#### [Task brief]
The exact lines of the listing, from its first through the line that contains "Black Leather Collar Multi-D-Rings", are to make up the answer, and pictures are to be left out.

#### [Task inputs]
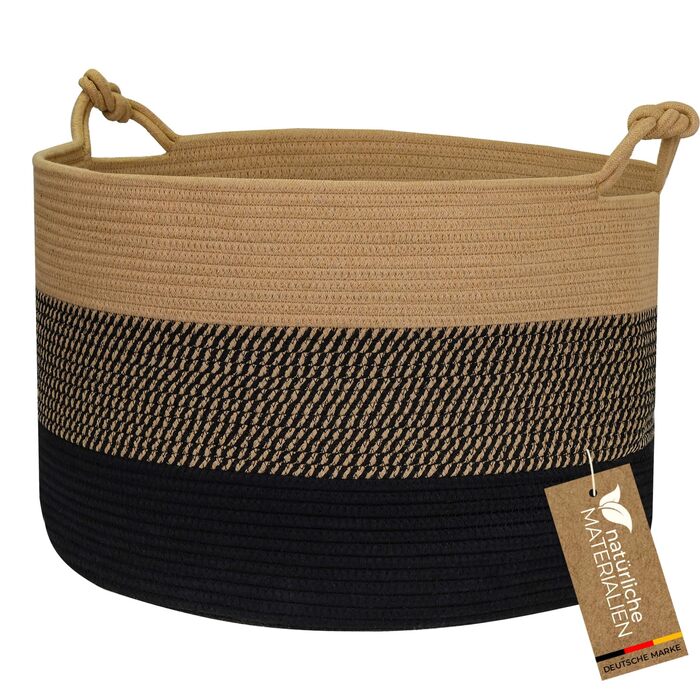 Кошик для зберігання HMF з ручками у формі щасливого вузла, великий бавовняний кошик 50 x 33 см Чорно-медовий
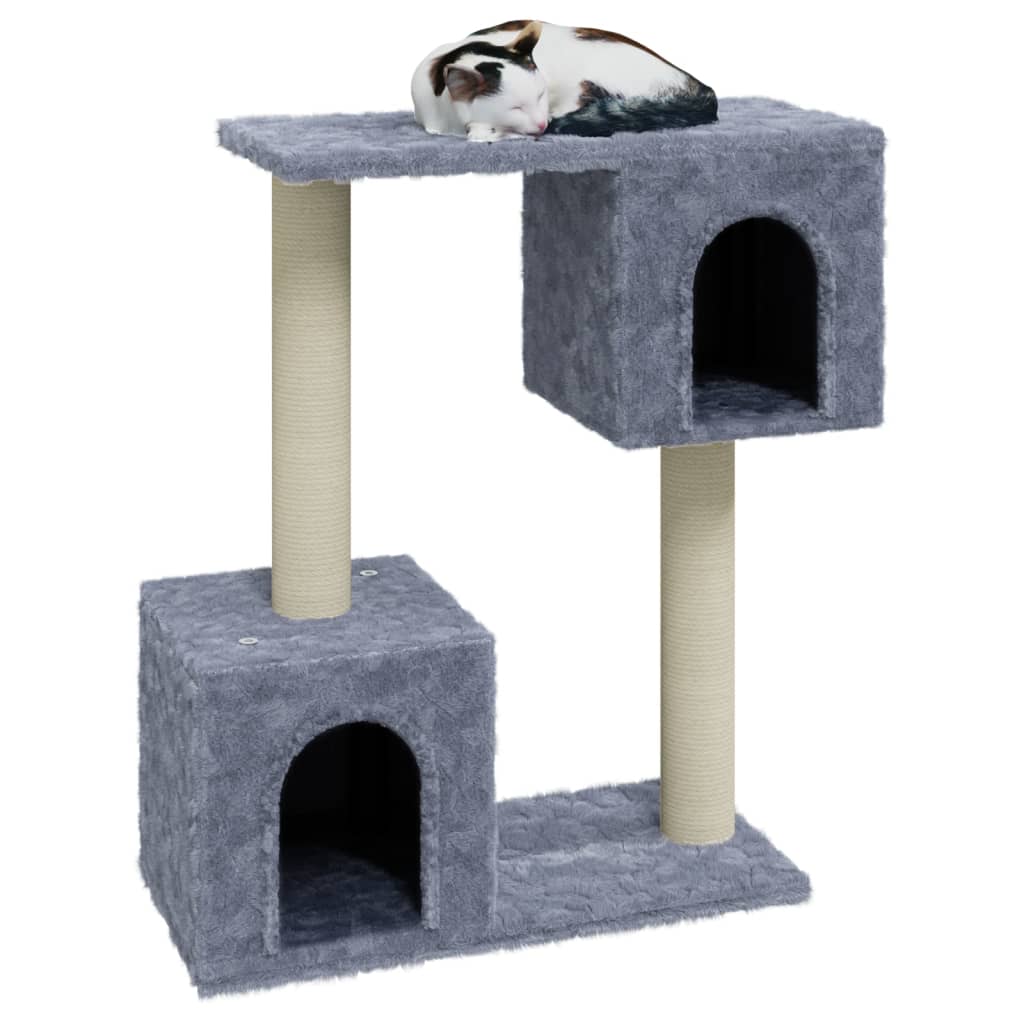 vidaXL Kattenkrabpaal met sisal krabpalen 60 cm lichtgrijs afbeelding
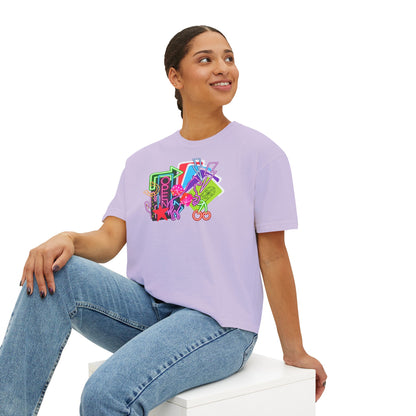Retro Neon Makeup Graphic Tee — Women's Boxy Tee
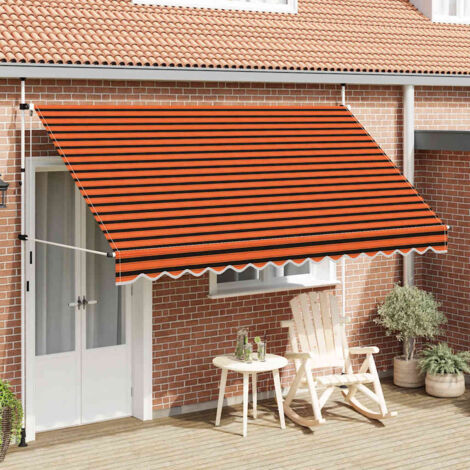 Toldo manual retráctil naranja y marrón 350 cm vidaXL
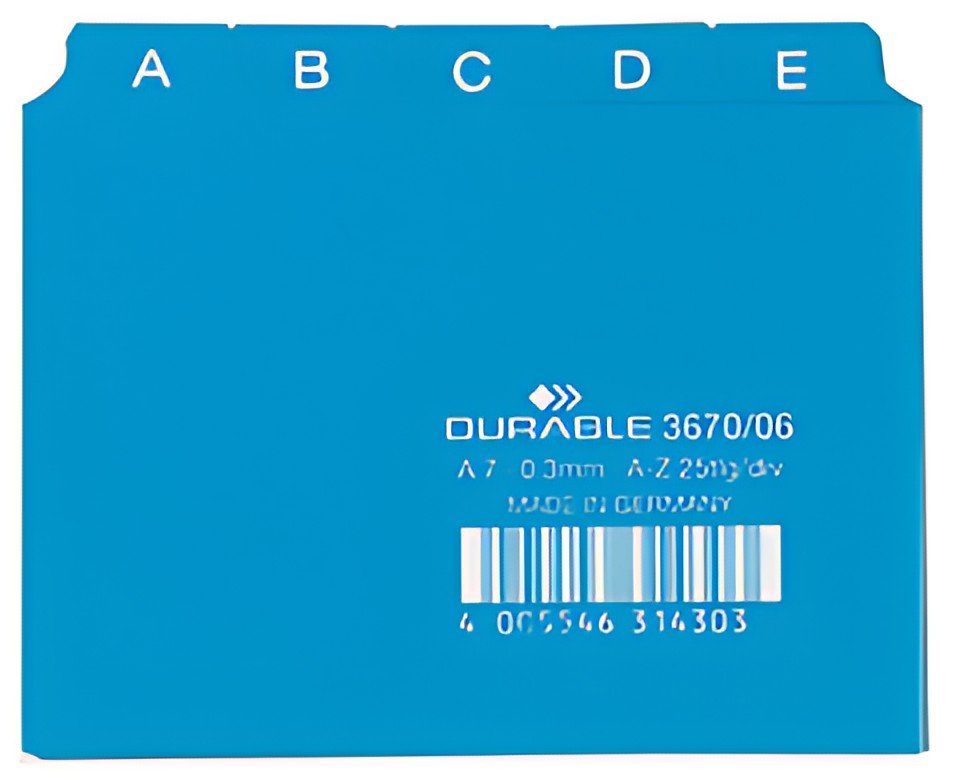 DURABLE Index alphabétique A - Z, PP, format A7 paysage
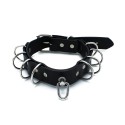 Black Leather Collar Multi-D-Rings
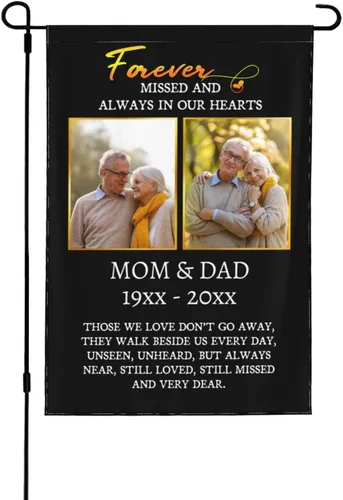 Vista 16 de Bandera de memoria personalizada con nombre de foto, fecha, letrero funerario personalizado, bandera conmemorativa personalizable para jardín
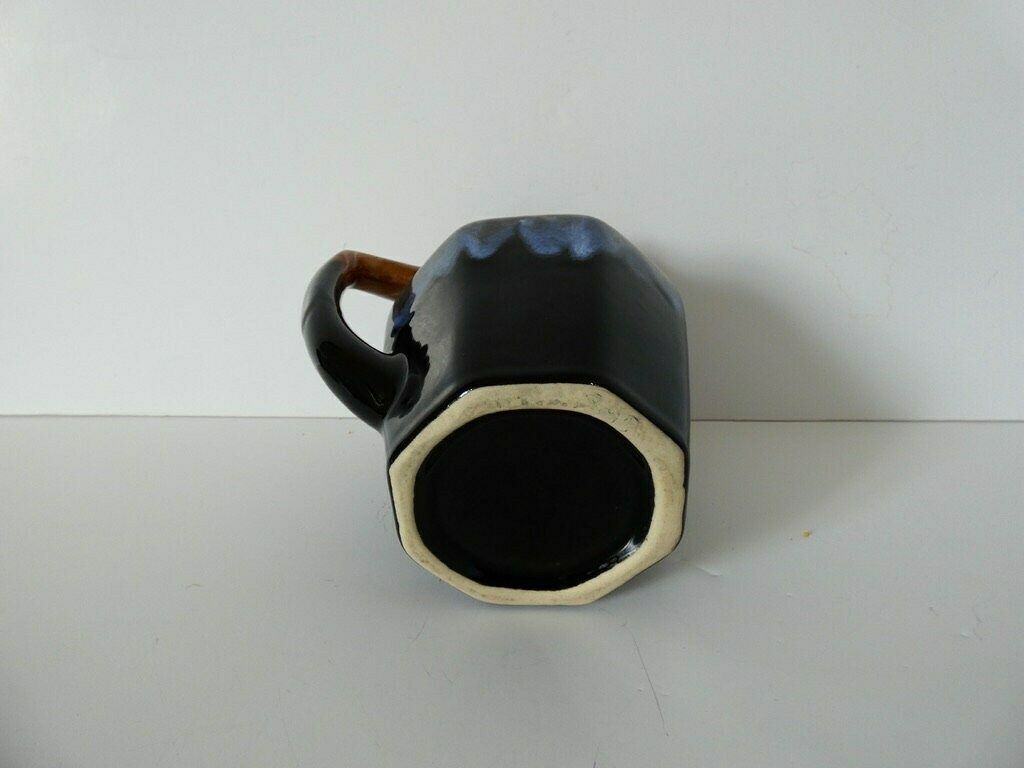 Vintage French Water Jug, Wine Pitcher In Black, Ceramic Drip Glaze, Mid Century, Vallauris Pottery photo for sale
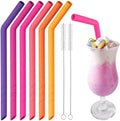 NiHome 6 PCS Extra Wide Reusable Bent Silicone Straws for Boba & Smoothies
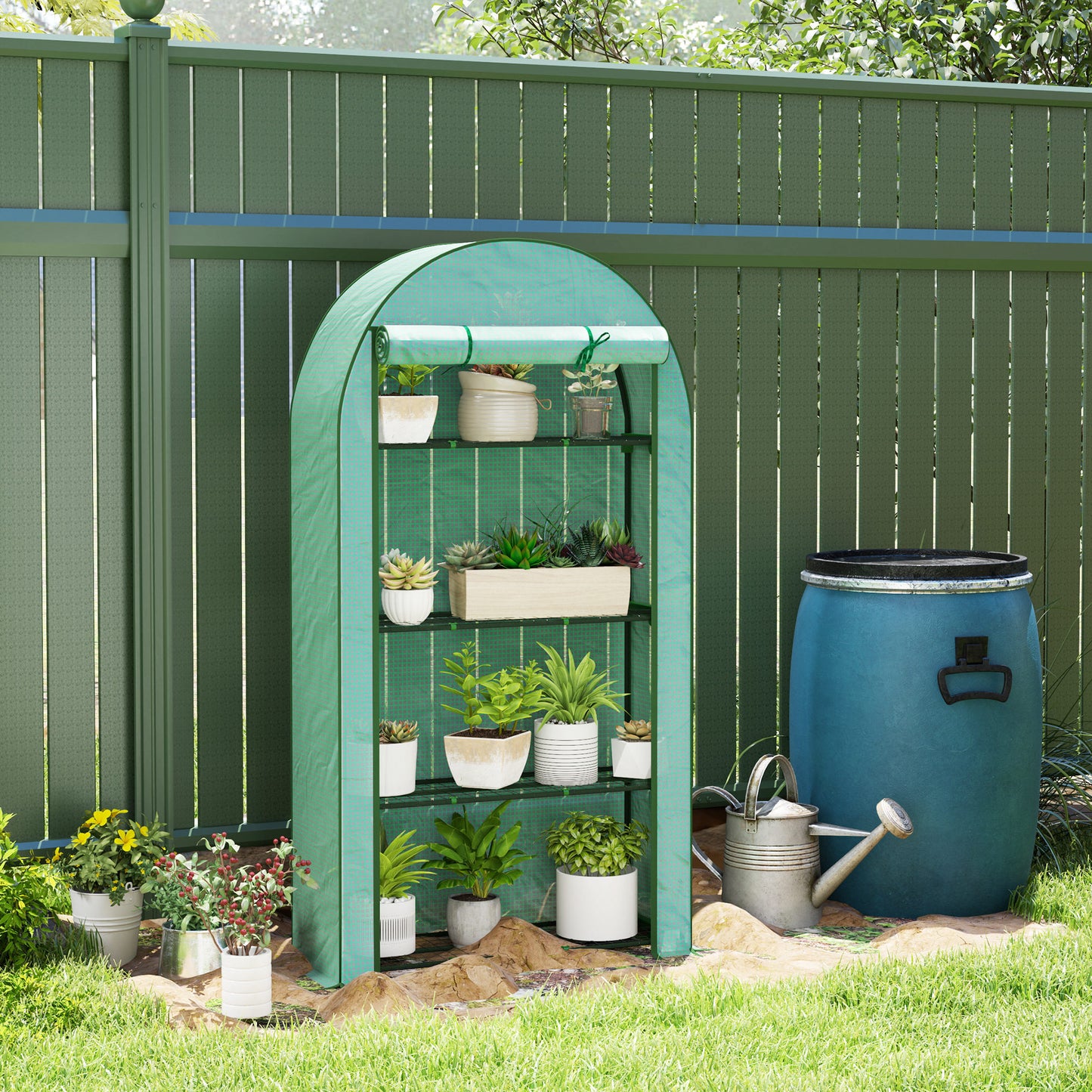 Four Shelf Mini Greenhouse - Green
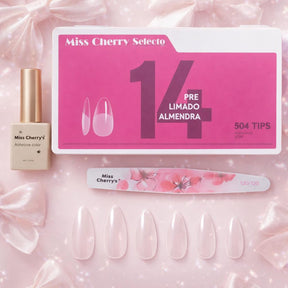 Miss Cherry Kit Tips prelimados con Rubber Gel profesional para ectension de uñas profesional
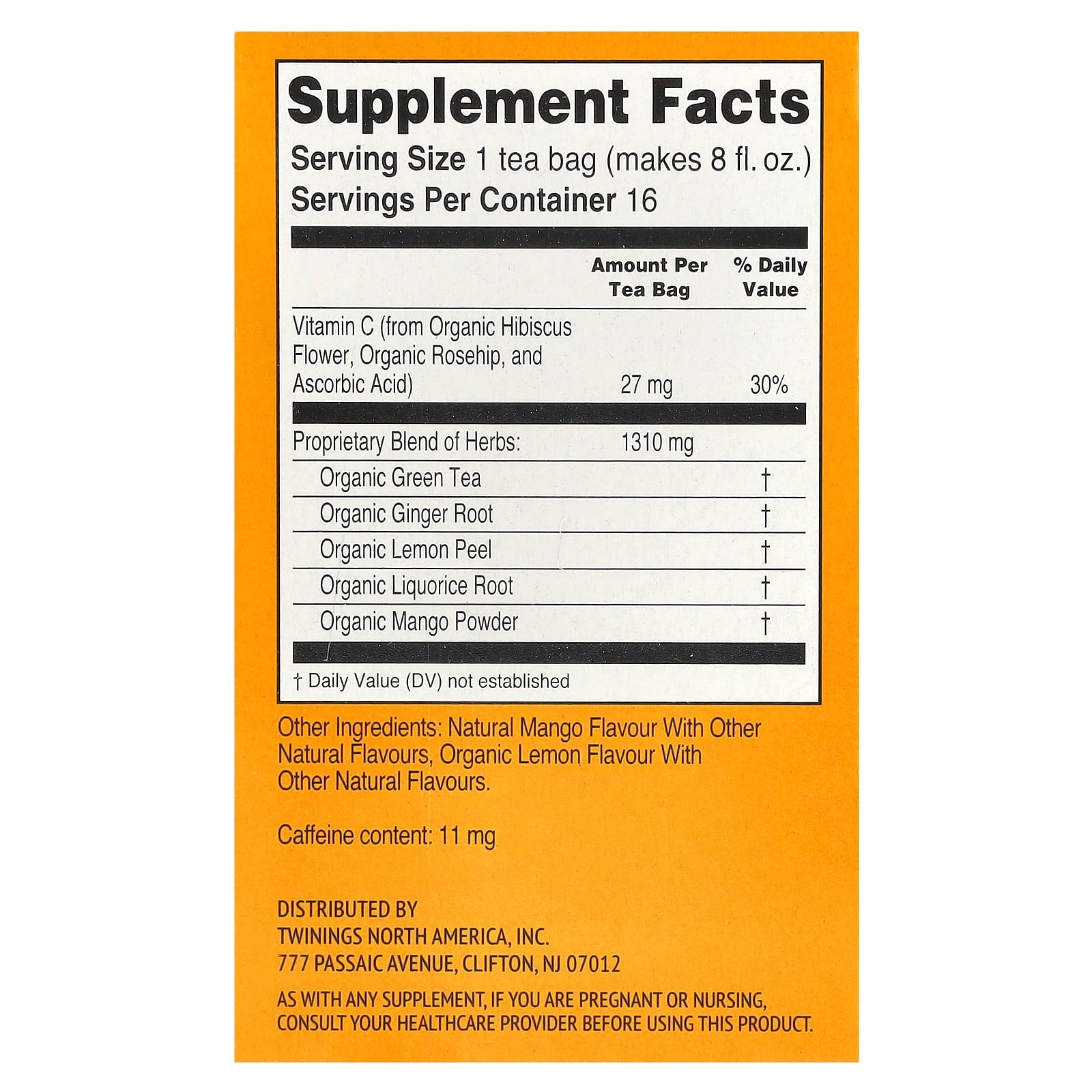 Twinings, Superblends™, Immune Support+ Green Tea, Ginger & Mango, 16 Tea Bags, 1.12 oz (32 g) - Image 2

#### [Your solution]
 Кошик для зберігання HMF з ручками у формі щасливого вузла, великий бавовняний кошик 50 x 33 см Чорно-медовий
 vidaXL Kattenkrabpaal met sisal krabpalen 60 cm lichtgrijs afbeelding
Retro Neon Makeup Graphic Tee — Women's Boxy Tee
 Toldo manual retráctil naranja y marrón 350 cm vidaXL
 DURABLE Index alphabétique A - Z, PP, format A7 paysage
 Black Leather Collar Multi-D-Rings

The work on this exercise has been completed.